Image-text web data:
_ _ _

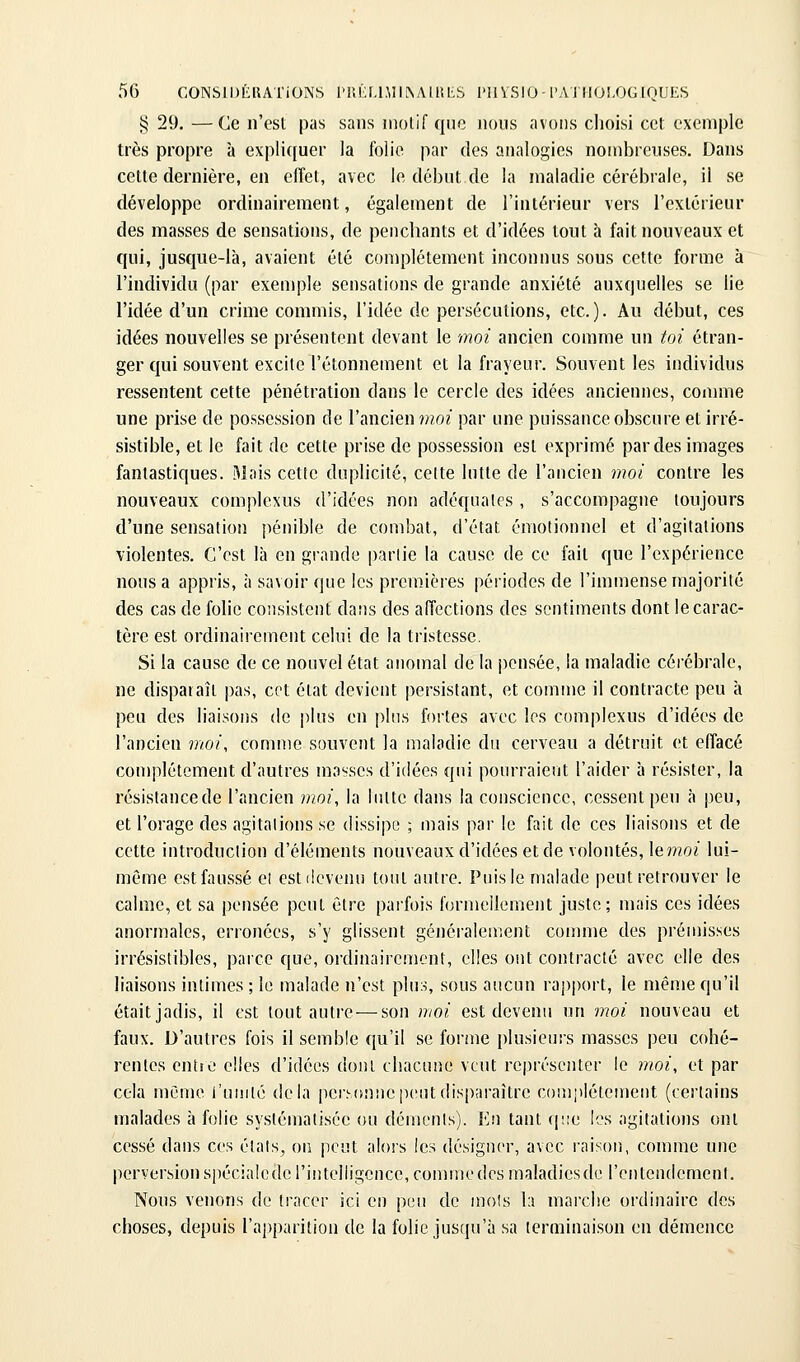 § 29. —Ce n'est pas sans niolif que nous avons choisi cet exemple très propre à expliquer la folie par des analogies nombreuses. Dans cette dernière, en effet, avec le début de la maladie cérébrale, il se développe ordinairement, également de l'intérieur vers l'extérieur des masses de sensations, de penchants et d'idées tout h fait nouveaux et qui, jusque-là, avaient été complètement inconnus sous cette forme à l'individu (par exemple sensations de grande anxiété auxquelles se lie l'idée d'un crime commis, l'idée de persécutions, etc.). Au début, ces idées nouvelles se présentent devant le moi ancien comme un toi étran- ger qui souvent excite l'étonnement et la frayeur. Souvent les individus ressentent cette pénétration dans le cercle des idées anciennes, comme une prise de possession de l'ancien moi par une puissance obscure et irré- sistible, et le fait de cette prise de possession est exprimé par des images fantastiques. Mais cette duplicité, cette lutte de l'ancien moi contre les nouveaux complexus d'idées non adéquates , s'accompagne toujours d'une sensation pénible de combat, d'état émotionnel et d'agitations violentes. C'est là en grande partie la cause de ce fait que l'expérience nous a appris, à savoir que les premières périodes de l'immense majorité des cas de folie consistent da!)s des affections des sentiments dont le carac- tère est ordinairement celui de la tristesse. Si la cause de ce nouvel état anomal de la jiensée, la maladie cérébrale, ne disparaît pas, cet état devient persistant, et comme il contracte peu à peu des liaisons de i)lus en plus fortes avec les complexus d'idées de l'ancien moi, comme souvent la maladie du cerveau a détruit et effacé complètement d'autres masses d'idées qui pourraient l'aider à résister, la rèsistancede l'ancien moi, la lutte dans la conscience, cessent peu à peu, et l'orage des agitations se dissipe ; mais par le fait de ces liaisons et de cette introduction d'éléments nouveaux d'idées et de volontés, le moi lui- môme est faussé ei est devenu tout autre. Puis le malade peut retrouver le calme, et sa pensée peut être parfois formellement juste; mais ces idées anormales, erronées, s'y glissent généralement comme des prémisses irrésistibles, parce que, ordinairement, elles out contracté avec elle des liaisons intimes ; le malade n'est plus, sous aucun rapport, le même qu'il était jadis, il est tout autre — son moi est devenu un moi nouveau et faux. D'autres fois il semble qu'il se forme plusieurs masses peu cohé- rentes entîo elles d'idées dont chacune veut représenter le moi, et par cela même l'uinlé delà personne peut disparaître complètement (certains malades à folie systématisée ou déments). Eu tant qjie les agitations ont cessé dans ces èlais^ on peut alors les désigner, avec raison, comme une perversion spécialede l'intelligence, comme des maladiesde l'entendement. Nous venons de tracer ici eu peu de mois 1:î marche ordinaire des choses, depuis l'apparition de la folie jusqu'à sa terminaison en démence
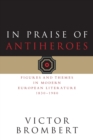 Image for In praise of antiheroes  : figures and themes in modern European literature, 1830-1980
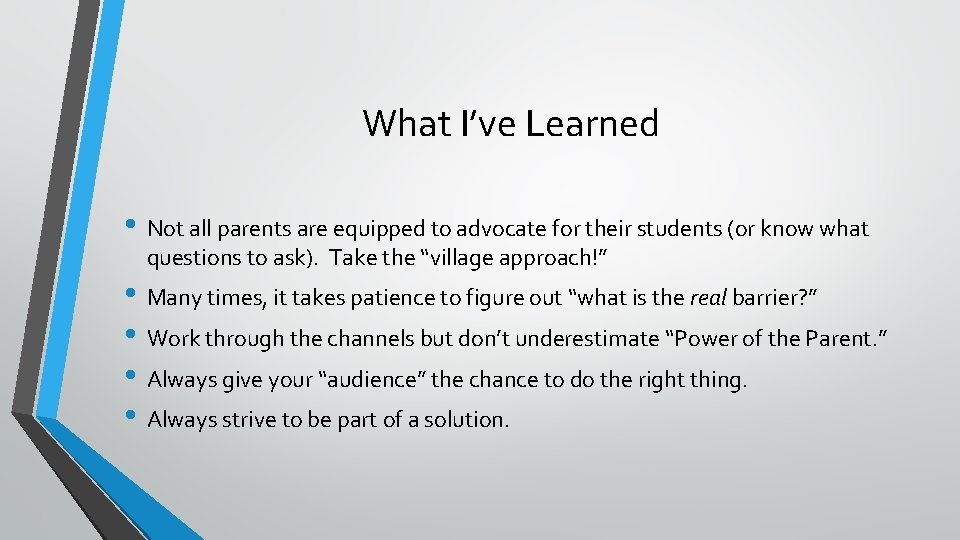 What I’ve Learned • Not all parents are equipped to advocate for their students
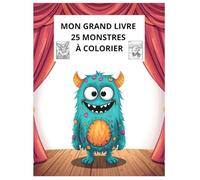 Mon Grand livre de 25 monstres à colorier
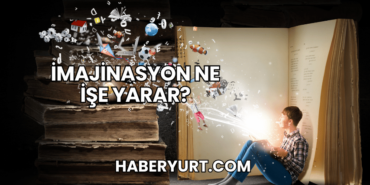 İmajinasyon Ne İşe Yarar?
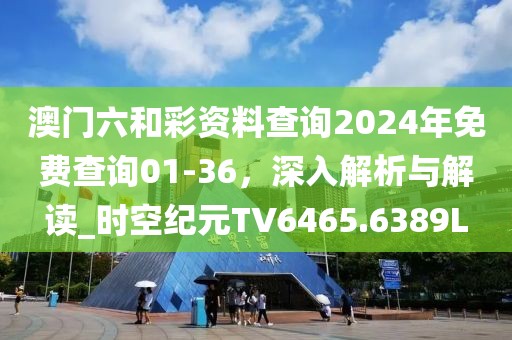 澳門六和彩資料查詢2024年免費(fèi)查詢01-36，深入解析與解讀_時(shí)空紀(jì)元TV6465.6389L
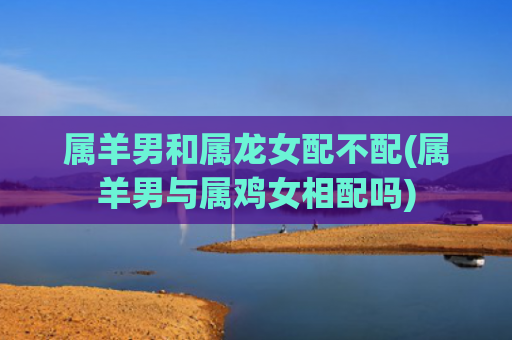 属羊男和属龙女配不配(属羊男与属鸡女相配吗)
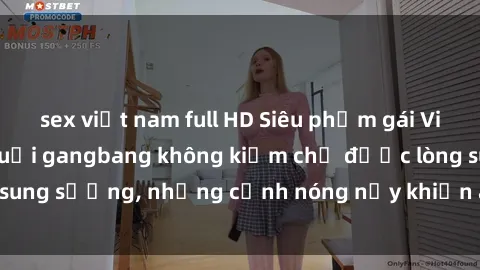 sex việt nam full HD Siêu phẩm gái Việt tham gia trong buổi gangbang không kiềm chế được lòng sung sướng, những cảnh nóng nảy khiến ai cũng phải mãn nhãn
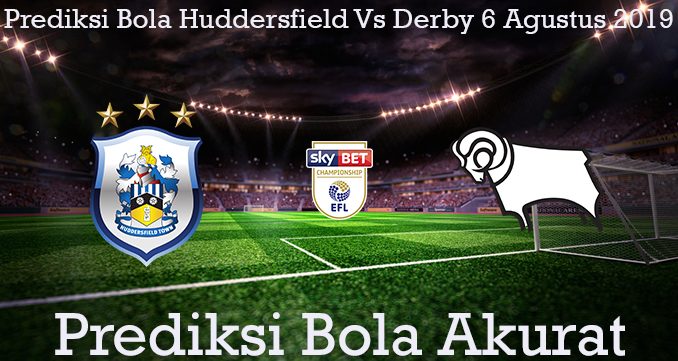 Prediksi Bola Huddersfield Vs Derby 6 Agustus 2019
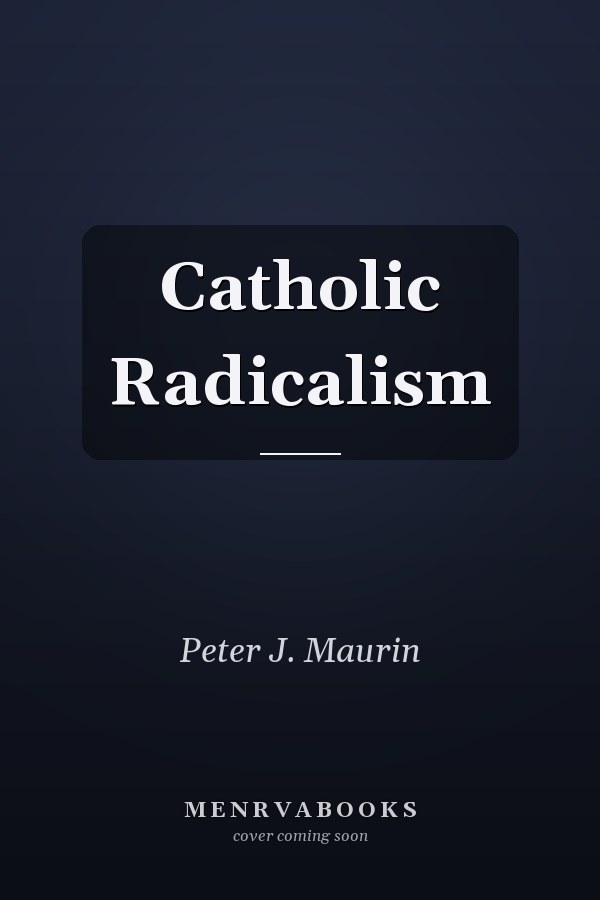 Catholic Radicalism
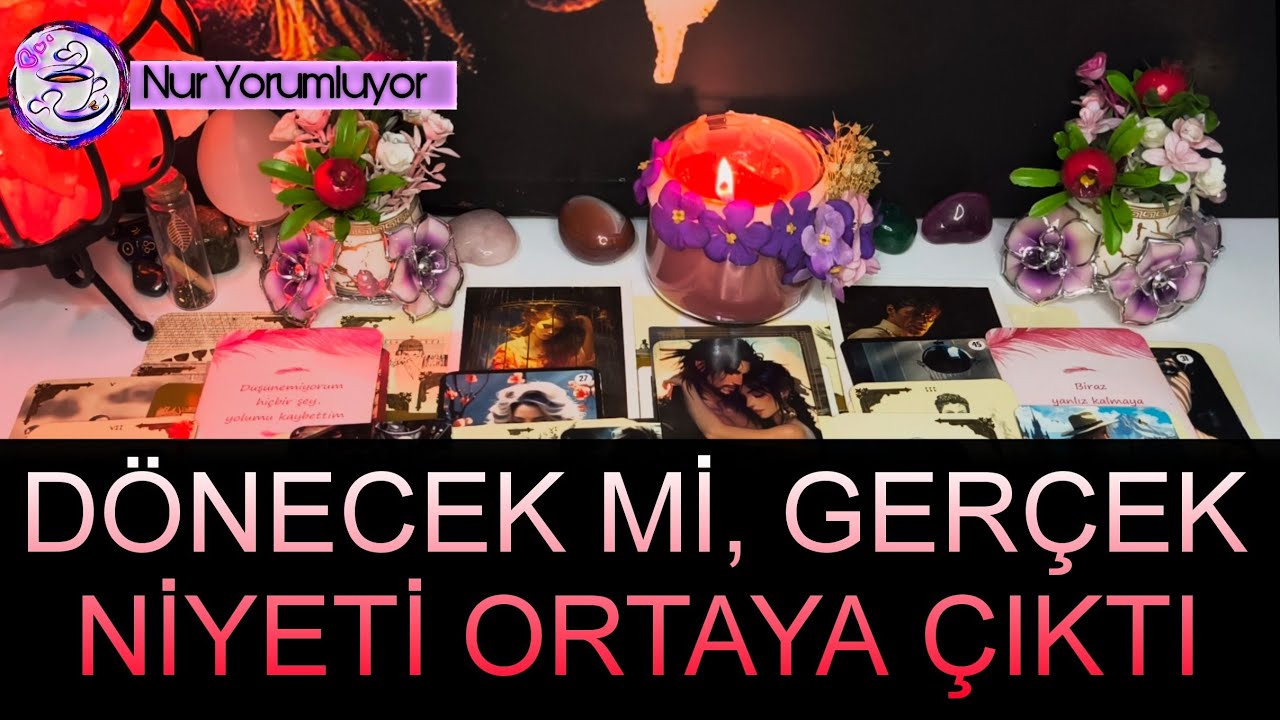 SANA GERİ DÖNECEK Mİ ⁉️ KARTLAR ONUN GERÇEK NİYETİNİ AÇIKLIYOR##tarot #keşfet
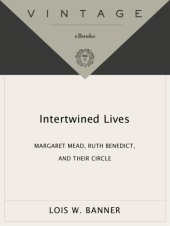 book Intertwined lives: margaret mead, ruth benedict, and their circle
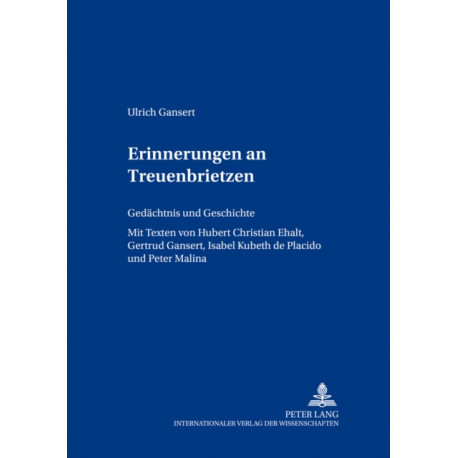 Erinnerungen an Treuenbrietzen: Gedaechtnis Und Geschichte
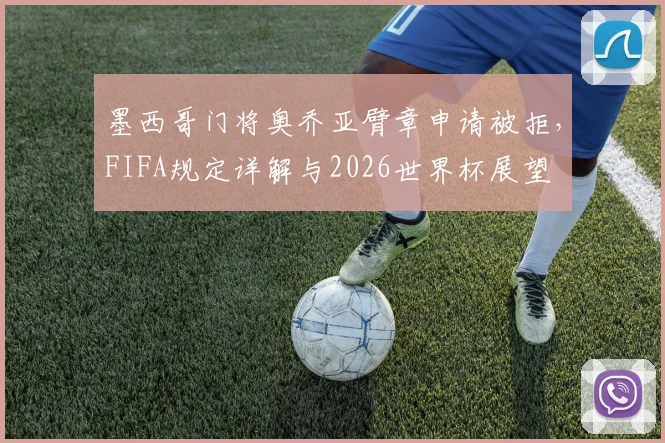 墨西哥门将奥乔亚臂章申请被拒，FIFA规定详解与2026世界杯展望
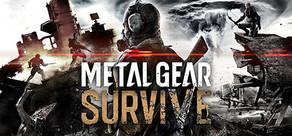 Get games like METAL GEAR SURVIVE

_ _ _

- **Exercise details**
Exact repetition of the data is needed, with no images retained.

- **Exercise response**
 § 29. —Ce n'est pas sans niolif que nous avons choisi cet exemple très propre à expliquer la folie par des analogies nombreuses. Dans cette dernière, en effet, avec le début de la maladie cérébrale, il se développe ordinairement, également de l'intérieur vers l'extérieur des masses de sensations, de penchants et d'idées tout h fait nouveaux et qui, jusque-là, avaient été complètement inconnus sous cette forme à l'individu (par exemple sensations de grande anxiété auxquelles se lie l'idée d'un crime commis, l'idée de persécutions, etc.). Au début, ces idées nouvelles se présentent devant le moi ancien comme un toi étran- ger qui souvent excite l'étonnement et la frayeur. Souvent les individus ressentent cette pénétration dans le cercle des idées anciennes, comme une prise de possession de l'ancien moi par une puissance obscure et irré- sistible, et le fait de cette prise de possession est exprimé par des images fantastiques. Mais cette duplicité, cette lutte de l'ancien moi contre les nouveaux complexus d'idées non adéquates , s'accompagne toujours d'une sensation pénible de combat, d'état émotionnel et d'agitations violentes. C'est là en grande partie la cause de ce fait que l'expérience nous a appris, à savoir que les premières périodes de l'immense majorité des cas de folie consistent da!)s des affections des sentiments dont le carac- tère est ordinairement celui de la tristesse. Si la cause de ce nouvel état anomal de la jiensée, la maladie cérébrale, ne disparaît pas, cet état devient persistant, et comme il contracte peu à peu des liaisons de i)lus en plus fortes avec les complexus d'idées de l'ancien moi, comme souvent la maladie du cerveau a détruit et effacé complètement d'autres masses d'idées qui pourraient l'aider à résister, la rèsistancede l'ancien moi, la lutte dans la conscience, cessent peu à peu, et l'orage des agitations se dissipe ; mais par le fait de ces liaisons et de cette introduction d'éléments nouveaux d'idées et de volontés, le moi lui- môme est faussé ei est devenu tout autre. Puis le malade peut retrouver le calme, et sa pensée peut être parfois formellement juste; mais ces idées anormales, erronées, s'y glissent généralement comme des prémisses irrésistibles, parce que, ordinairement, elles out contracté avec elle des liaisons intimes ; le malade n'est plus, sous aucun rapport, le même qu'il était jadis, il est tout autre — son moi est devenu un moi nouveau et faux. D'autres fois il semble qu'il se forme plusieurs masses peu cohé- rentes entîo elles d'idées dont chacune veut représenter le moi, et par cela même l'uinlé delà personne peut disparaître complètement (certains malades à folie systématisée ou déments). Eu tant qjie les agitations ont cessé dans ces èlais^ on peut alors les désigner, avec raison, comme une perversion spécialede l'intelligence, comme des maladiesde l'entendement. Nous venons de tracer ici eu peu de mois 1:î marche ordinaire des choses, depuis l'apparition de la folie jusqu'à sa terminaison en démence
 Image for In praise of antiheroes  : figures and themes in modern European literature, 1830-1980
 What I’ve Learned • Not all parents are equipped to advocate for their students
 Mon Grand livre de 25 monstres à colorier
 İmajinasyon Ne İşe Yarar?
 澳門六和彩資料查詢2024年免費(fèi)查詢01-36，深入解析與解讀_時(shí)空紀(jì)元TV6465.6389L
 属羊男和属龙女配不配(属羊男与属鸡女相配吗)
 sex việt nam full HD Siêu phẩm gái Việt tham gia trong buổi gangbang không kiềm chế được lòng sung sướng, những cảnh nóng nảy khiến ai cũng phải mãn nhãn
 Prediksi Bola Huddersfield Vs Derby 6 Agustus 2019
 Catholic Radicalism
 SANA GERİ DÖNECEK Mİ ⁉️ KARTLAR ONUN GERÇEK NİYETİNİ AÇIKLIYOR##tarot #keşfet
 book Intertwined lives: margaret mead, ruth benedict, and their circle
 Erinnerungen an Treuenbrietzen: Gedaechtnis Und Geschichte
 墨西哥门将奥乔亚臂章申请被拒，FIFA规定详解与2026世界杯展望
 Get games like METAL GEAR SURVIVE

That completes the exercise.